Dort, diesseits der Osteoporose, wohnt also nun die Vernunft. Und alles, was es an Rebellion noch gibt, krabbelt in überdachten Sandkastenkabinen umher oder spielt Schach im Grünen. Die nicht dazupassen, knurren im ABM-Park die Maschinen an und reden von damals, als sie beinahe die Macht übernommen hätten. Nun kriegen sie keine Wohnung mehr in den Komfortzonen, weil sie durch alle Sozialtests fallen. Glaswände überall – reinschauen dürfen sie noch, seltsamerweise.

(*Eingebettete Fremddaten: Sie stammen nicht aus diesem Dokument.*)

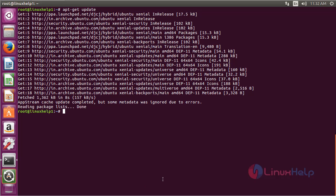The newly added repository for installing Nero AAC on Ubuntu 16.04 has been updated successfully.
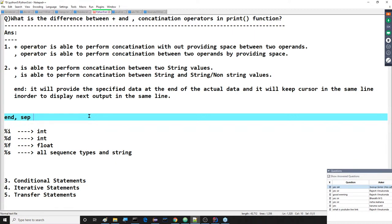Now we are able to understand what the various things are that we are discussing. Formatted output formations we started in the case of output statements. How many ways are we able to perform output formatting? In two ways: one is by using formatted symbols and the other one is by using placeholders.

Ich bin jetzt alt, ich habe durch kontinuierliche Erwerbstätigkeit einhundertprozentiges Bürgerrecht erworben, ich habe Narrenfreiheit, denn jeder weiß, daß Altsein viele Probleme mit sich bringt. Alte können nicht einfach so für die Folgen ihres Tuns verantwortlich gemacht werden. Sie können mich nicht rauswerfen. Sie müssen sich kümmern. Sie müssen. Ich muß mit ausgebreiteten Armen und geschlossenen Augen über die Stadtautobahn laufen, voll vom guten Selbstgebrannten, high vom Selbstgezogenen, zur Stoßzeit, laut singend. Wohlmeinend surren die Automobile in Kurven um mich herum, während sie brav dem Hindernis ausweichen, dicht wirbelnd wie Wasserteilchen in einem Bach. Ach, was gäbe ich für einen Hauch Abgas, nur einen Tropfen Benzin, eine Drehung am Gasgriff, ein bißchen Öl auf der Stirn als Zeichen meiner Herkunft und Bestimmung.

Dann lege ich mich auf die Fahrbahn und schlafe ein. Gleich kommt jemand und bringt mich nach Hause.

A house somewhere on foreign soil
Where ageing lovers call
Is this your goal, your final needs?